▸ **Work item**: Begin at the line that has "Aperol Spritz decorat", stop after the line that has "Denim Tears Cotton", and print exactly those lines from the records below, without any pictures.

▸ **Input for this task**:
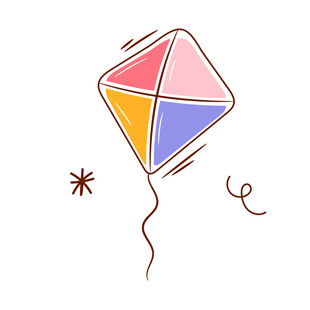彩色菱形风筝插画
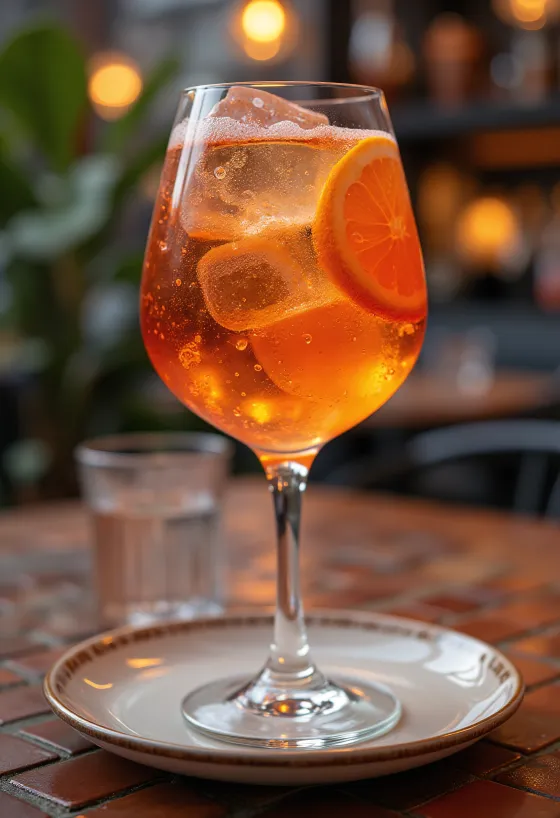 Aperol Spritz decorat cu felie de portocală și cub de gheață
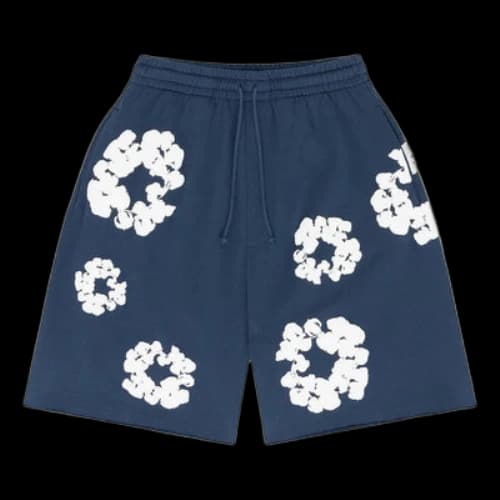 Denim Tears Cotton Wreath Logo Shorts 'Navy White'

...

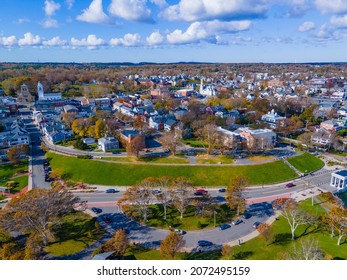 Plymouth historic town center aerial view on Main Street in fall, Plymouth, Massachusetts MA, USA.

▸ **Expected answer**:
 Aperol Spritz decorat cu felie de portocală și cub de gheață
 Denim Tears Cotton Wreath Logo Shorts 'Navy White'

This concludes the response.